● GOAL OF THE EXERCISE: Please retype all of the entries that follow, leaving the images out.

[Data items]
►

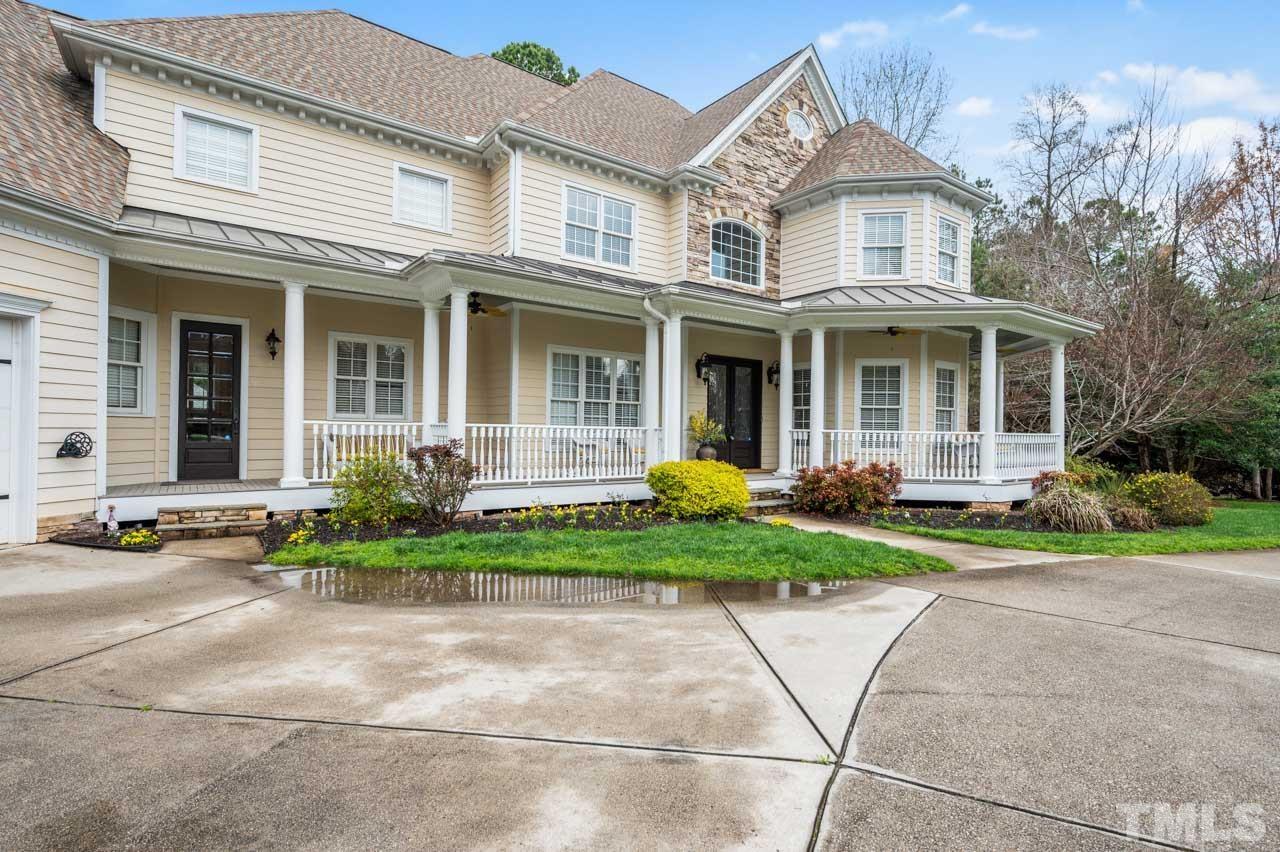 1605 Sharnbrook Court Raleigh, NC 27614 - Photo 3 of 63 a front view of a house with garden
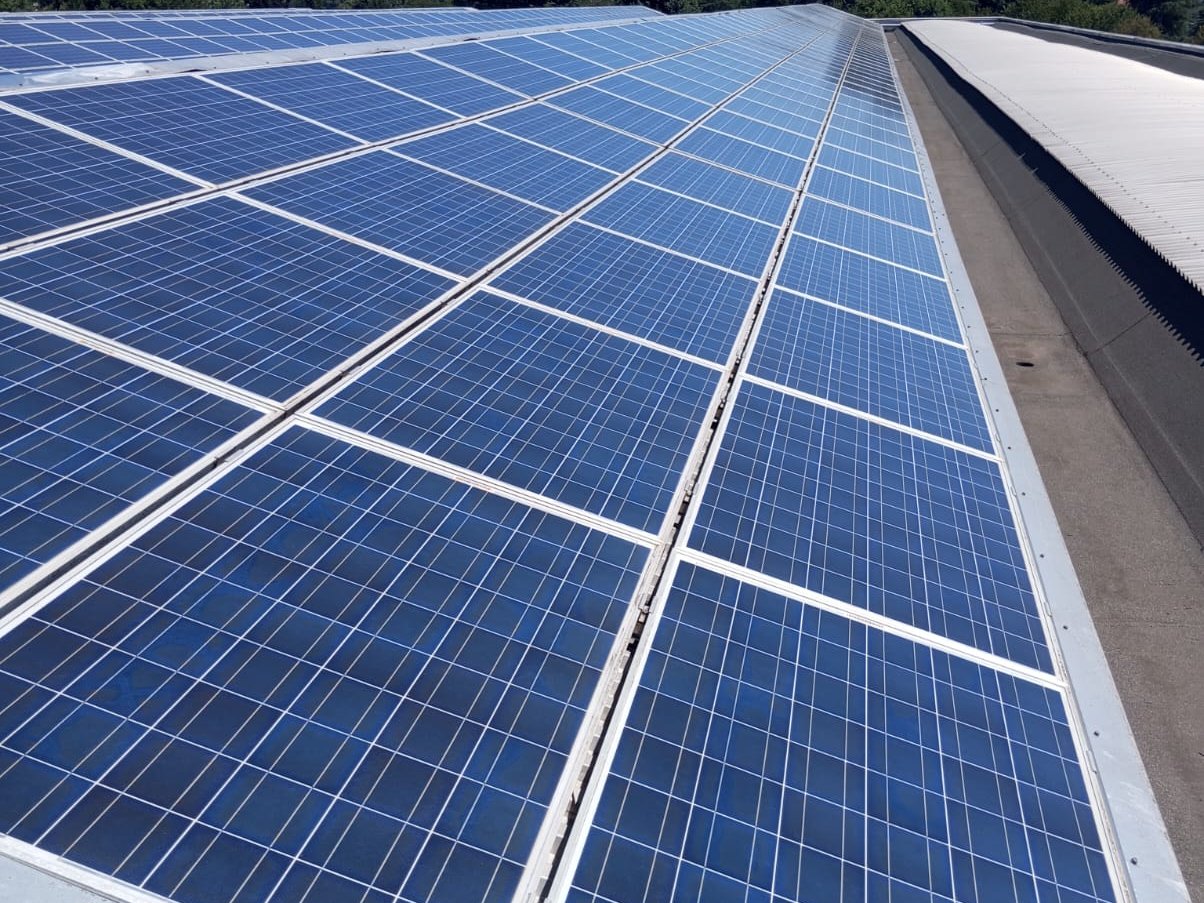 Lavaggio dei moduli fotovoltaici con acqua demineralizzata su una copertura a Como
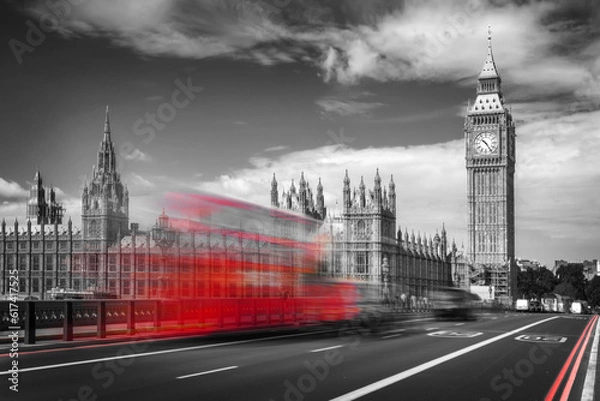 Obraz Red double decker bus with motion blur on Westminster bridge, Big Ben in the background, in London, UK. Black and white with selective color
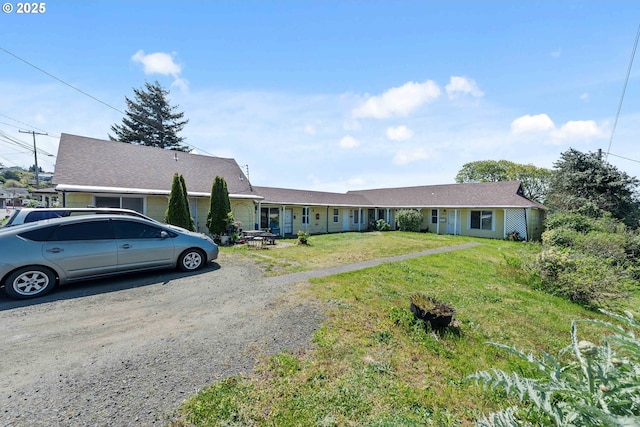 ranch-style house featuring a front lawn and gravel driveway
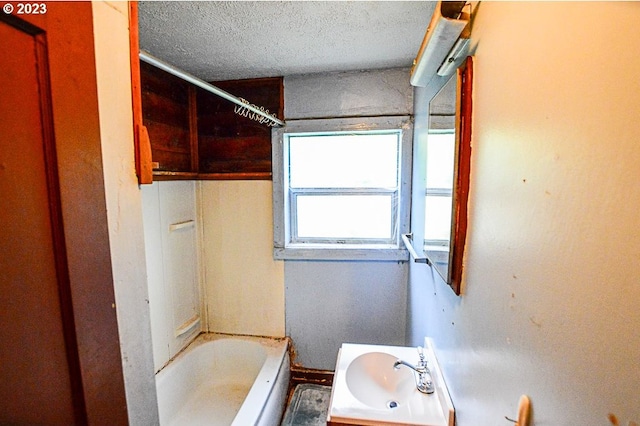 bathroom featuring sink, shower / washtub combination, and a textured ceiling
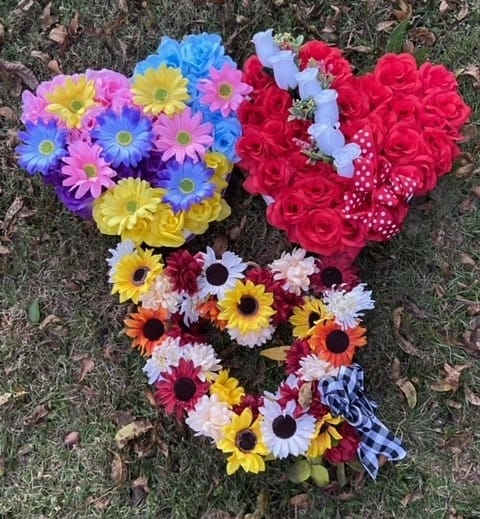 3 silk flower heart arrangements on the ground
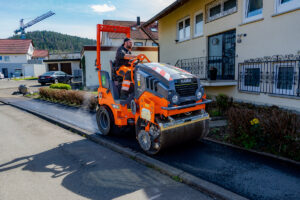 Vögele MINI 502e Fertiger und Hamm HD 12e VT Walze im vollelektrischen Asphalteinbau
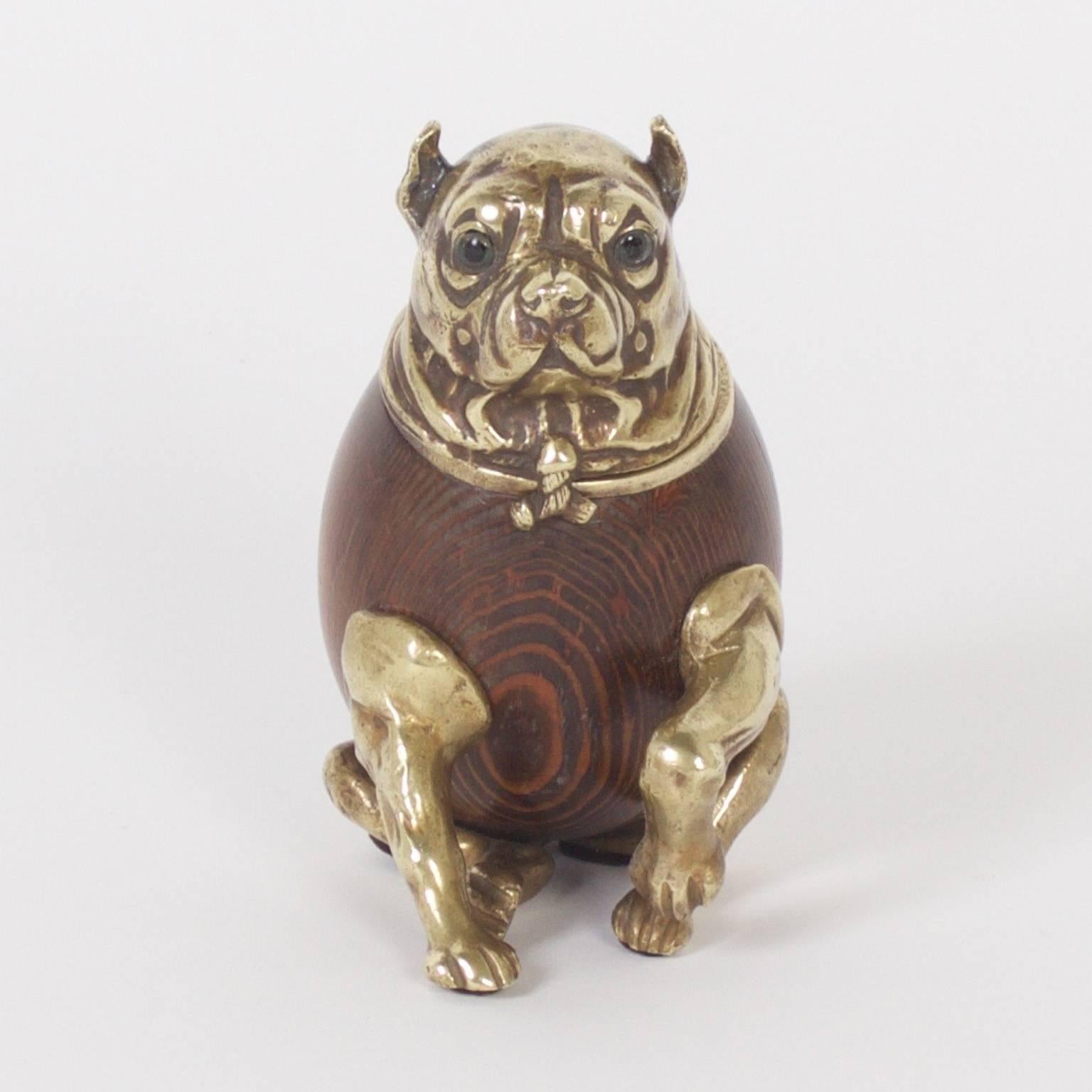 Humorous Mid-Century dog that is a hinged box. Crafted with cast brass and turned wood with glass eyes. This plump canine could be a pug or a bulldog and is ready to give his paw. Signed 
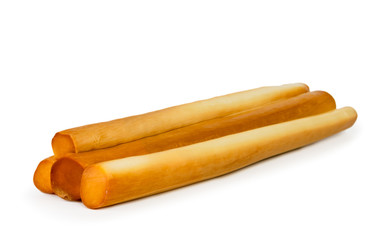 Sticks of smoked cheese closeup on a white. Isolated.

◄

● TASK RESPONSE:
 1605 Sharnbrook Court Raleigh, NC 27614 - Photo 3 of 63 a front view of a house with garden
 Lavaggio dei moduli fotovoltaici con acqua demineralizzata su una copertura a Como
 Obraz Red double decker bus with motion blur on Westminster bridge, Big Ben in the background, in London, UK. Black and white with selective color
 ranch-style house featuring a front lawn and gravel driveway
 bathroom featuring sink, shower / washtub combination, and a textured ceiling
 3 silk flower heart arrangements on the ground
 Vögele MINI 502e Fertiger und Hamm HD 12e VT Walze im vollelektrischen Asphalteinbau
 Humorous Mid-Century dog that is a hinged box. Crafted with cast brass and turned wood with glass eyes. This plump canine could be a pug or a bulldog and is ready to give his paw. Signed 
 Sticks of smoked cheese closeup on a white. Isolated.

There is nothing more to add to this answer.